# Work to complete
Please restate exactly the lines from the one holding "11 porcelain collectors doll's" to the end of the material, including both ends and excluding every picture.

# Provided material
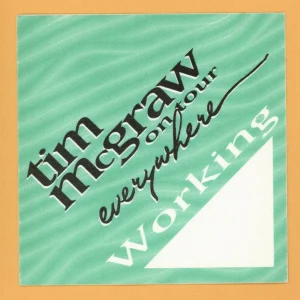 Tim McGraw 1997 Everywhere Concert Tour Working Backstage Pass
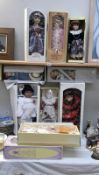 11 porcelain collectors doll's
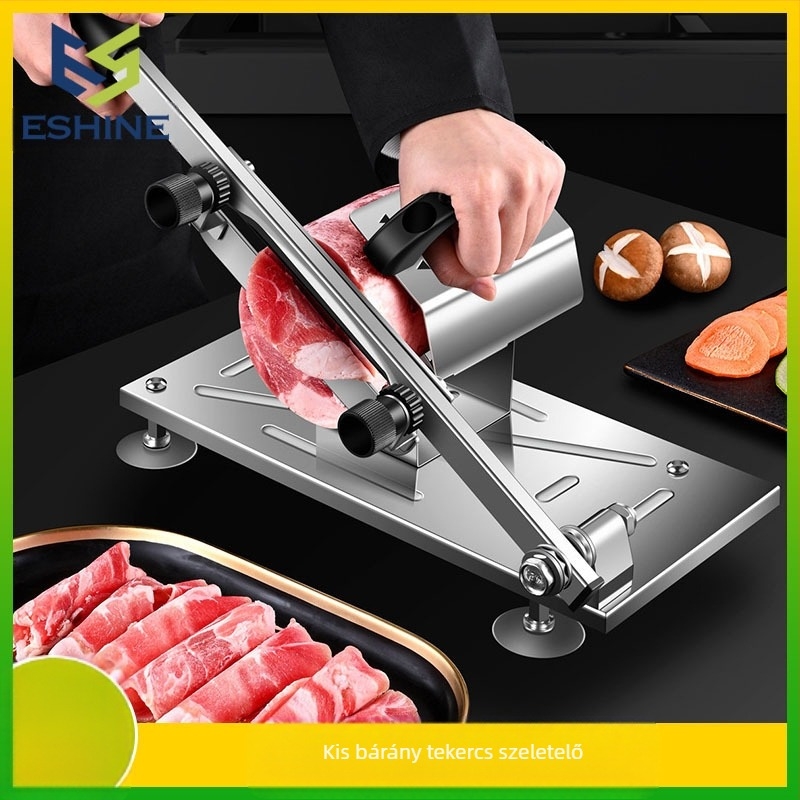 Szeletelő rozsdamentes acél bárány szeletelő szeletelő báránytekercs gép háztartási fagyasztott hús vágó hús vágó hús vágó húsdaráló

# Your solution
 11 porcelain collectors doll's
 Szeletelő rozsdamentes acél bárány szeletelő szeletelő báránytekercs gép háztartási fagyasztott hús vágó hús vágó hús vágó húsdaráló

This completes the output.